• PROBLEM TO SOLVE: Exactly and only the lines below from the one containing "Vaccination_with_inhibin.jpg" down to the one containing "IHC analysis of" are wanted, both included; please exclude every picture.

• ENTRIES SHOWN:
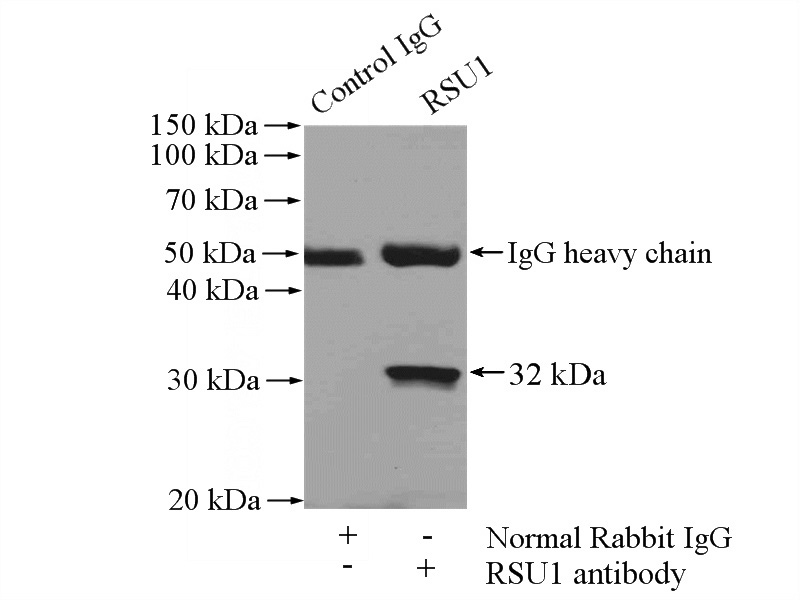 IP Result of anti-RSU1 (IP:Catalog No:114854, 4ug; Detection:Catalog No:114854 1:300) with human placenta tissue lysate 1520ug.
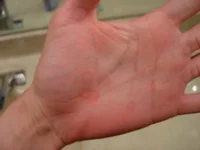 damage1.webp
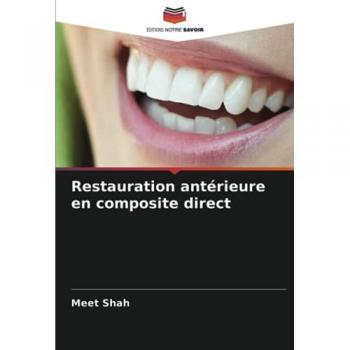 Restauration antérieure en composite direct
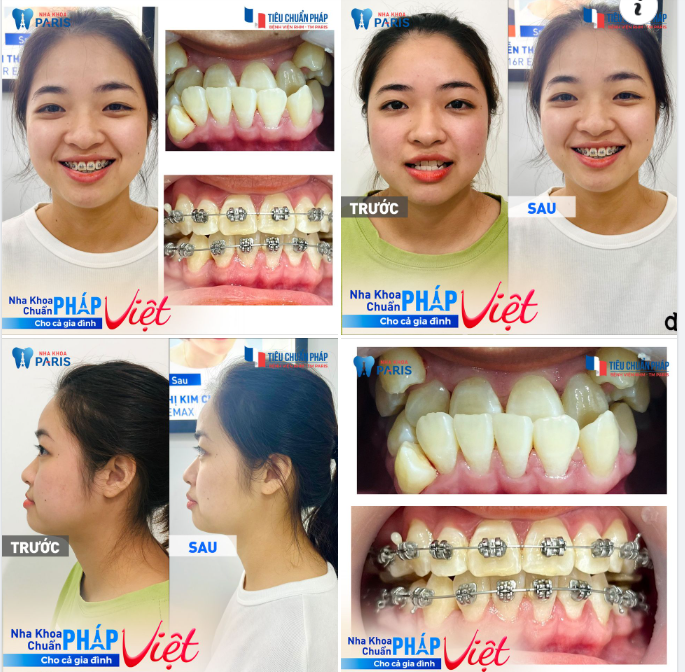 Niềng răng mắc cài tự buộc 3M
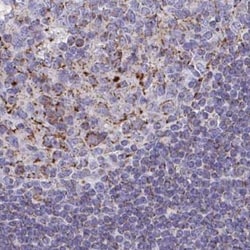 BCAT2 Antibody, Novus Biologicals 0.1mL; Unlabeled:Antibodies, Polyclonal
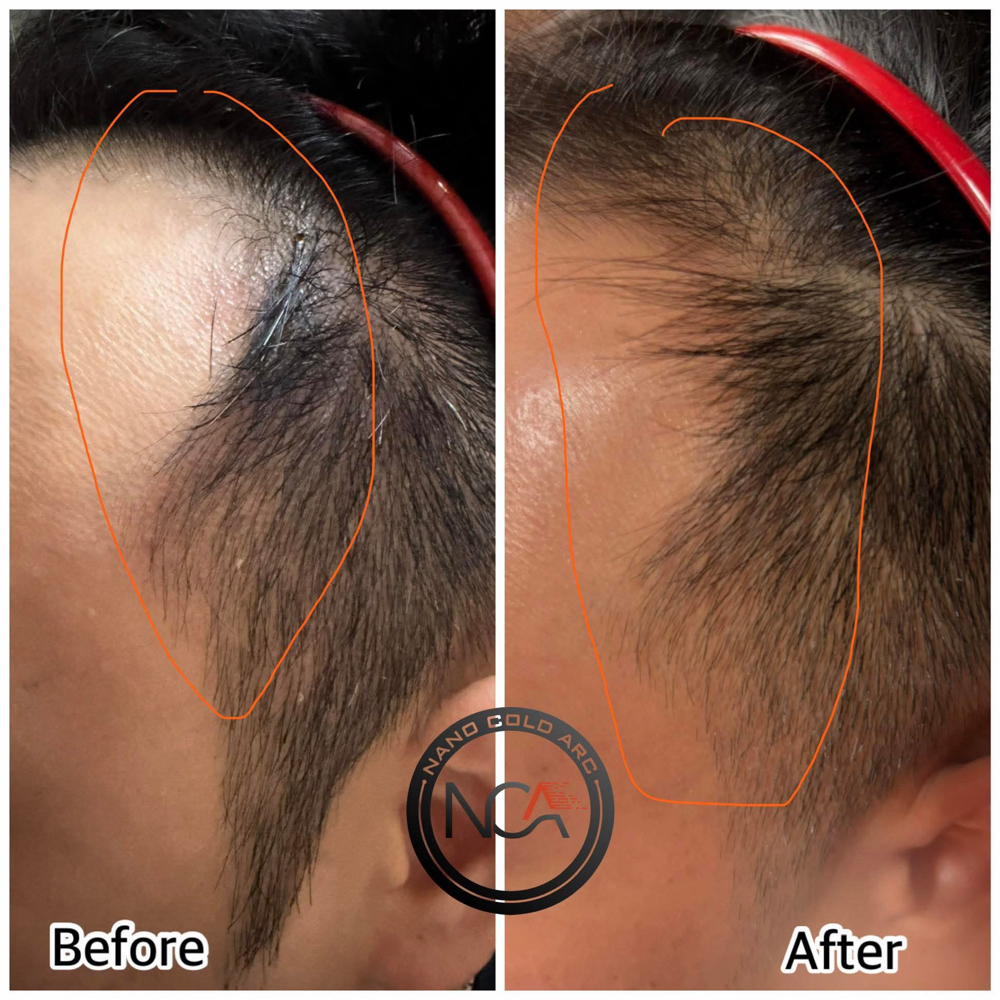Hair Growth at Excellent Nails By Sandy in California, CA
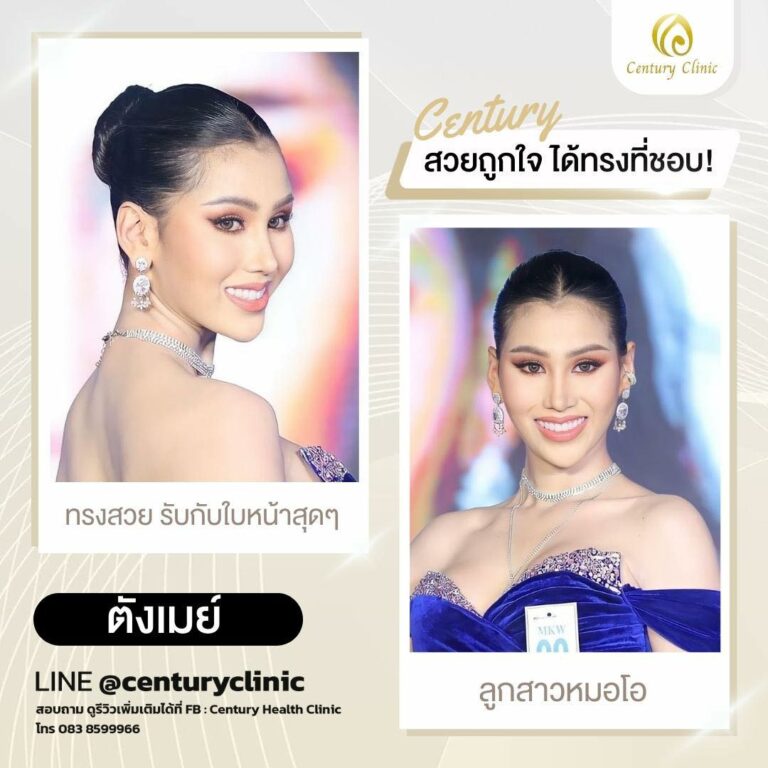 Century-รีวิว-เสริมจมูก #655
==
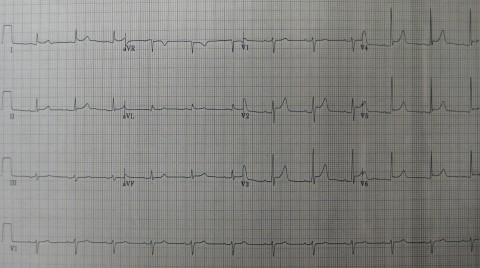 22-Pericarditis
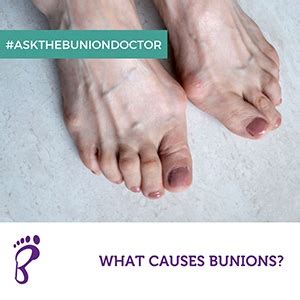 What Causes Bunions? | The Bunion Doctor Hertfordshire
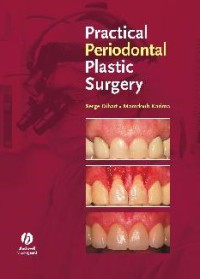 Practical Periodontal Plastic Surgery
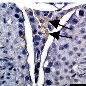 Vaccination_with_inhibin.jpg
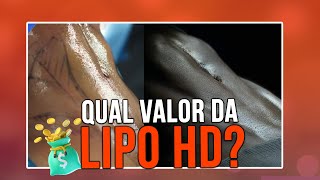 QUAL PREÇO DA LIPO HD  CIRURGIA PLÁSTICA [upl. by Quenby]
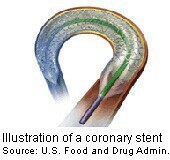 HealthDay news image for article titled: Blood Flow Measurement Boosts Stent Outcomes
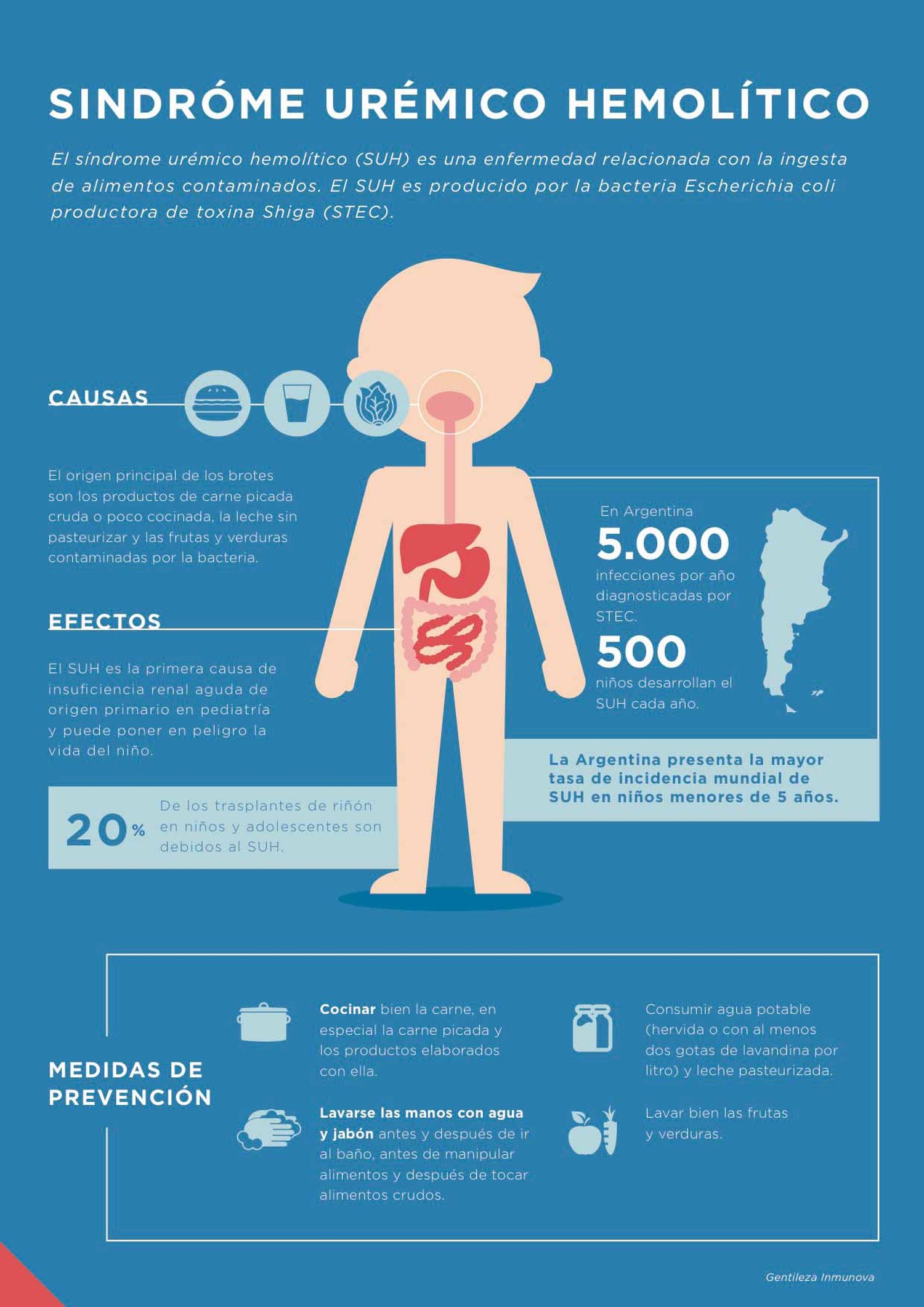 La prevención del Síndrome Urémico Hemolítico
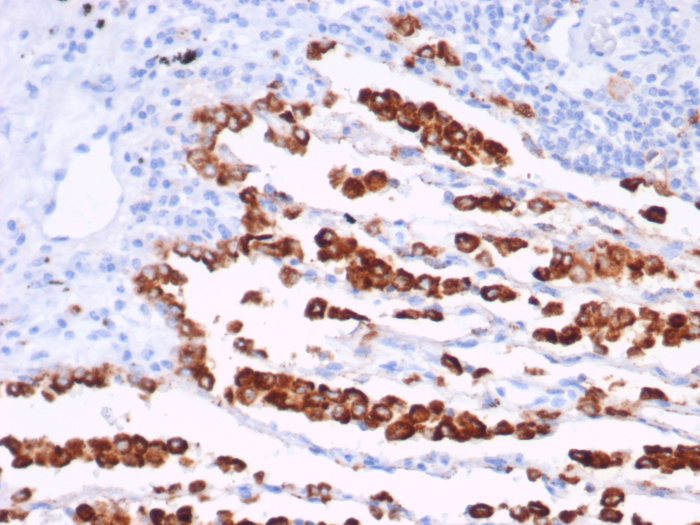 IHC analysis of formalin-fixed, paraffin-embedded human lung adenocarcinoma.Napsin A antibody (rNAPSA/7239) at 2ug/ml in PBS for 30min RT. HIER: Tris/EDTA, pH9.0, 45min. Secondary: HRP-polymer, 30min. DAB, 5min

• EXPECTED ANSWER:
 Vaccination_with_inhibin.jpg
 QUAL PREÇO DA LIPO HD  CIRURGIA PLÁSTICA [upl. by Quenby]
 HealthDay news image for article titled: Blood Flow Measurement Boosts Stent Outcomes
 La prevención del Síndrome Urémico Hemolítico
 IHC analysis of formalin-fixed, paraffin-embedded human lung adenocarcinoma.Napsin A antibody (rNAPSA/7239) at 2ug/ml in PBS for 30min RT. HIER: Tris/EDTA, pH9.0, 45min. Secondary: HRP-polymer, 30min. DAB, 5min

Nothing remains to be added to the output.